С одной стороны – издатель и редактор «Пути», глава «Имка-Пресс», с другой стороны – преподаватель Сорбонны. И он пишет книгу за книгой. Собственно, в эмиграции у него, как и у Шестова, наивысший подъем творчества. Пребывание в Париже благотворно повлияло на его философскую музу.
Я до сих пор не могу понять одну загадку. Всемирно известным его сделала далеко не лучшая, но самая известная его брошюрка: в 1923 году он пишет книжечку «Новое Средневековье». По-моему, довольно заурядная книга. Но она тут же была переведена на 14 языков, и как-то именно она его прославила во всем мире. Я совершенно не понимаю почему: она ничуть не лучше и не хуже, чем десятки других его книг. Бердяев пишет биографии Достоевского, Хомякова, Леонтьева. Он пишет ряд книг по истории русской культуры и философии: «Русская идея», «Истоки и смысл русского коммунизма».
В двадцатые – тридцатые годы Бердяева не очень любят в русской эмиграции, потому что считают еретиком. Вы увидите, у него очень сильно взгляды отходят от ортодоксального православия. А надо сказать, что в целом русская эмиграция была довольно правой, белой эмиграцией. И белые считают его красным, потому что он для них социалист, не является таким однозначным критиком большевизма, как остальные; у него более сложное отношения. Он говорит, что надо разобраться не с большевистской властью, а с русским народом, с русской революцией, правдой ее корней и причинами ее поражения. Революцию он поддерживает, большевиков, конечно, нет. От церкви он во многом отходит по многим позициям. Поэтому его считают «красным». Правые его ненавидят.

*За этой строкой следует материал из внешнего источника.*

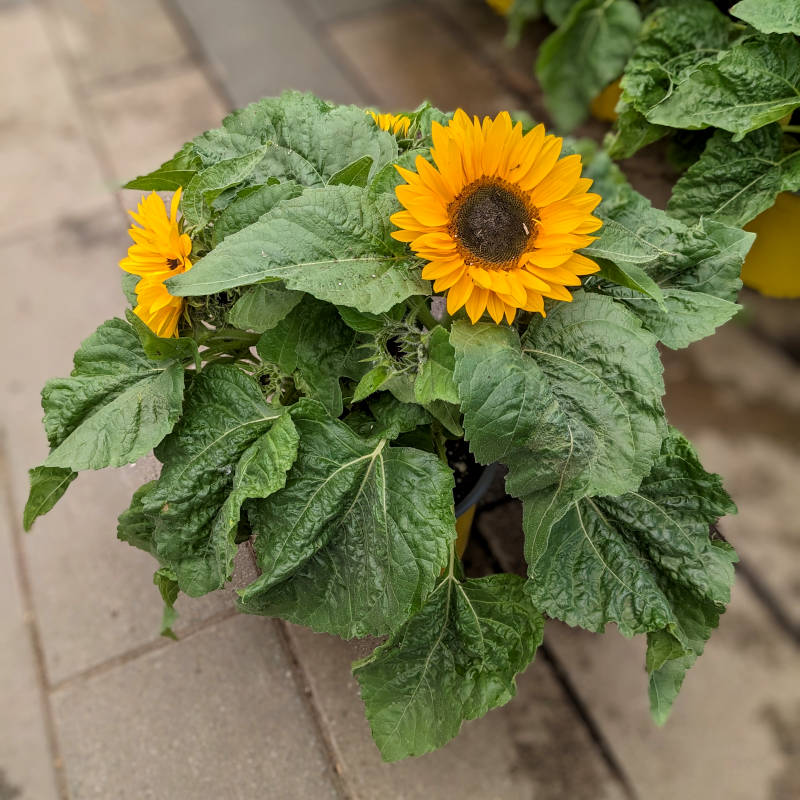 Tournesol Smiley – Image 2
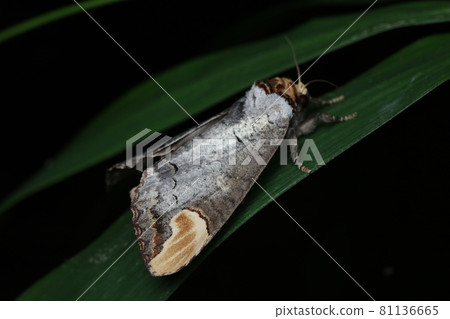 Tsubaki Shachibako 81136665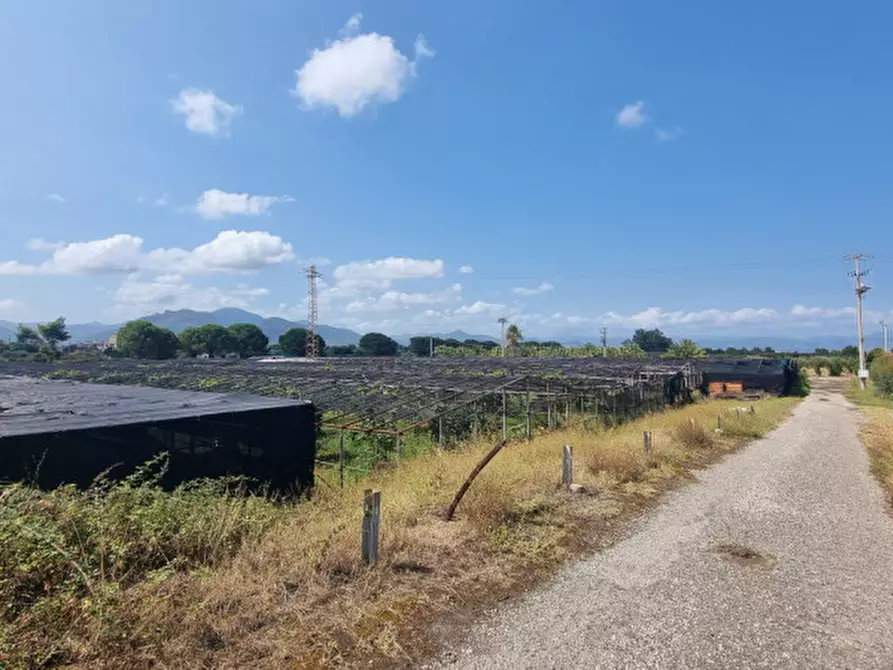 Immagine 4 di Terreno in vendita  in contrada brigandì a Milazzo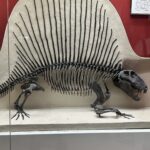 自然史博物館🦕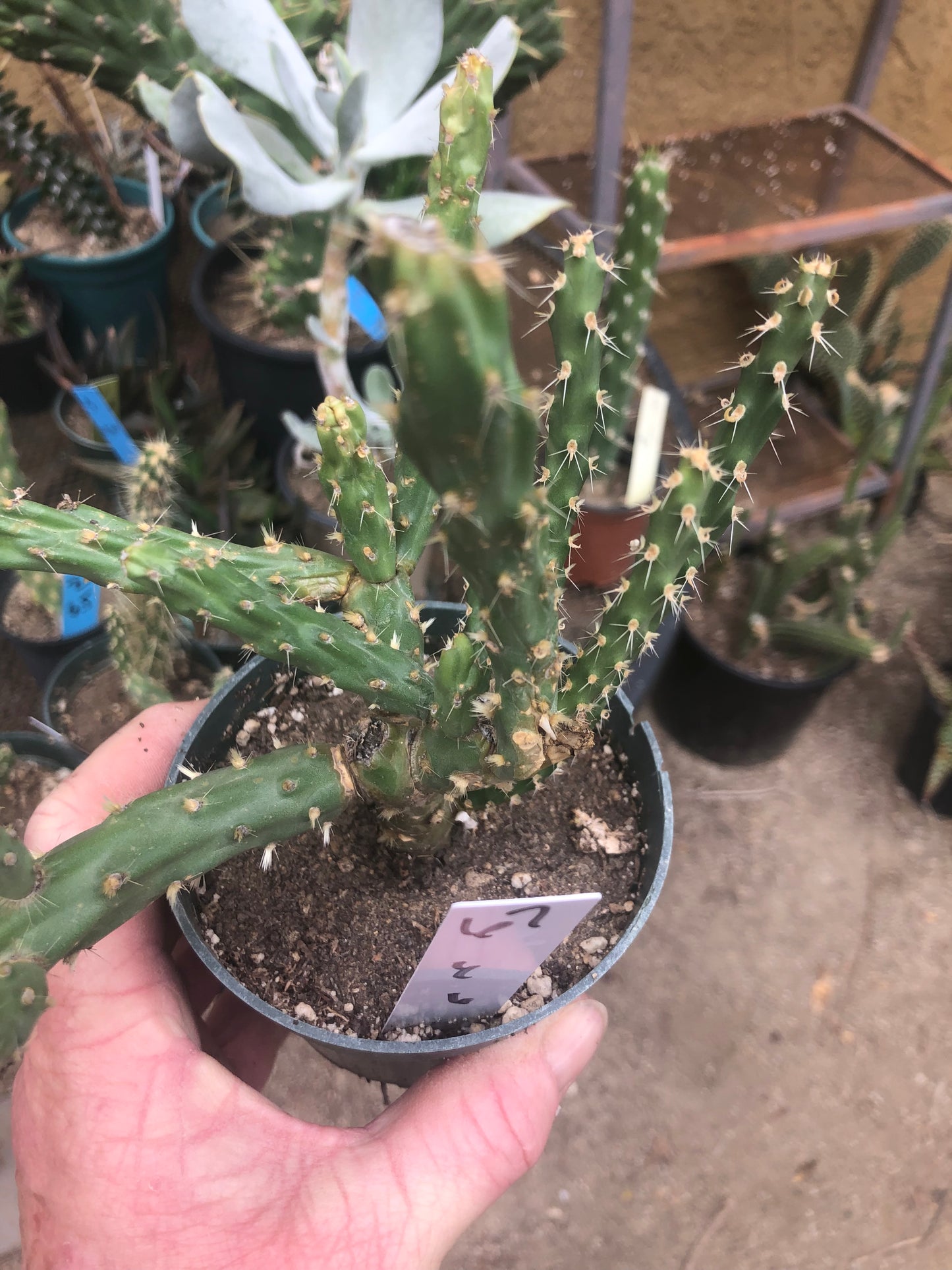 Cholla Cylindropuntia  Buckhorn 6”Tall #67W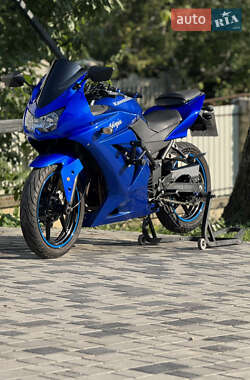 Kawasaki EX 250  2010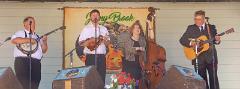 JennyBrook2018-DTO-01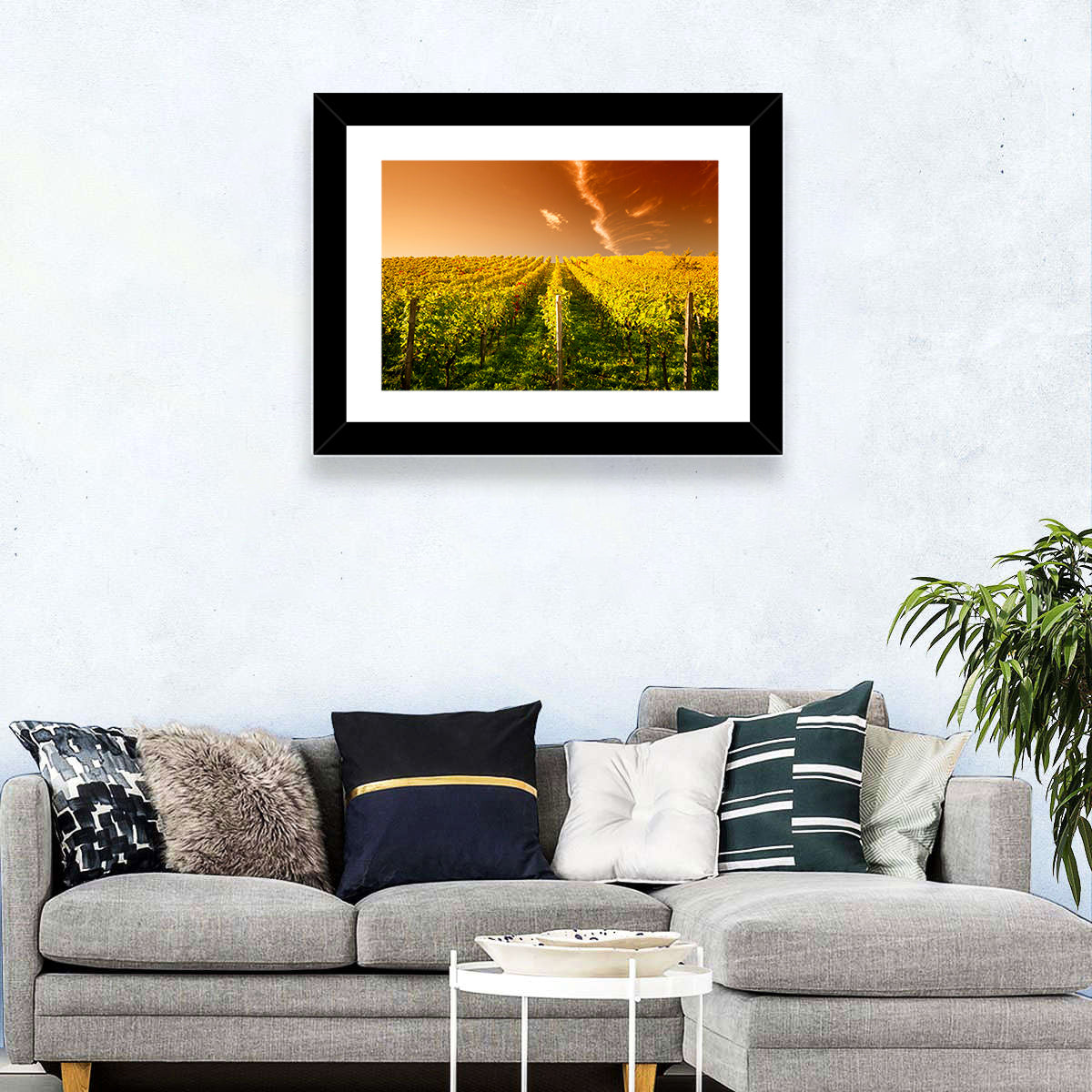 Wineyard Sunset Wall Art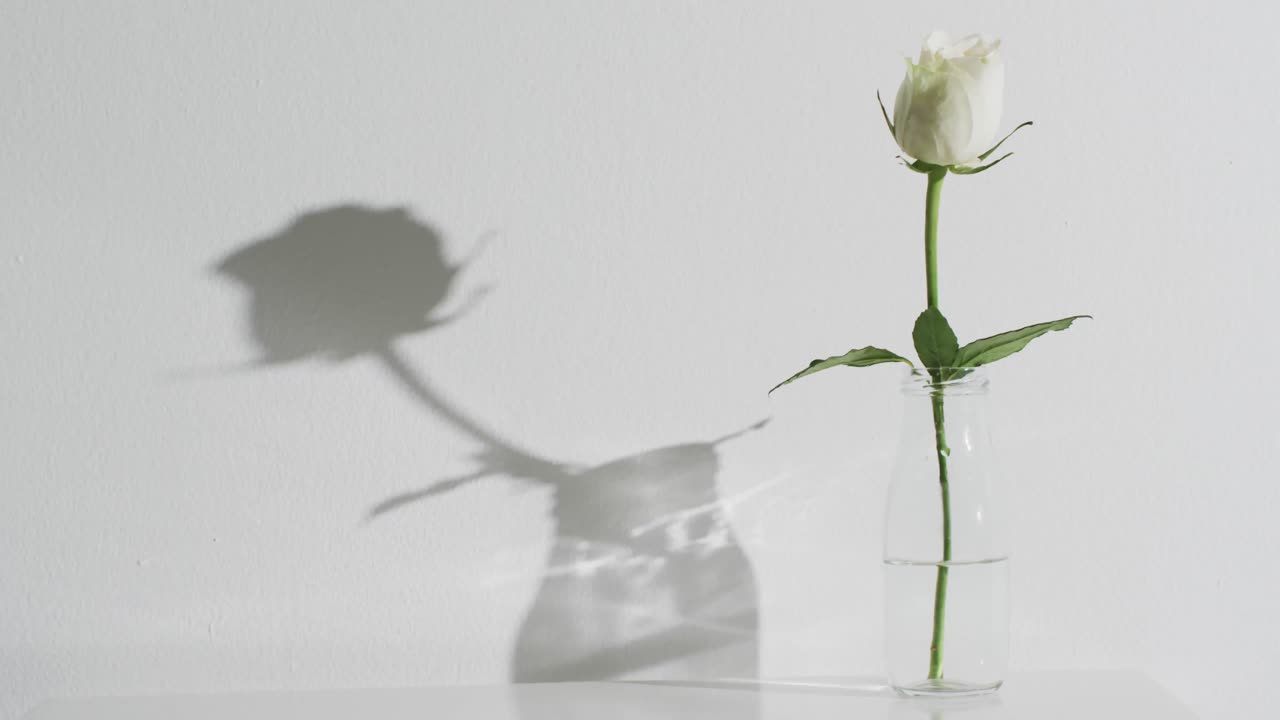 Video of white rose flower in glass vase with copy space on white background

С другой стороны, наступает страшный 1940 год. Франция оккупирована немецкими войсками. Бердяев резко настроен против нацизма, в отличие от очень многих русских эмигрантов, того же Мережковского. Особенно после 1941 года, после нападения Германии на сталинский Советский Союз. Бердяев не скрывает своих резко антинацистских взглядов, но его не тронули. Старичок живет в пригороде Парижа – Кламаре, к нему заходят поглазеть на него немецкие офицеры, некоторые из них говорят, что они любят его философию. У него в доме позволяется говорить какие-то откровенно антинацистские вещи… Ну, в общем, повторяю, он в гестапо не попал. Может быть, не поднялась рука на старенького человека, не знаю. Ни царские жандармы его не убили, ни чекистские палачи, ни палачи нацистские. В общем, факт тот, что войну он пережил без последствий.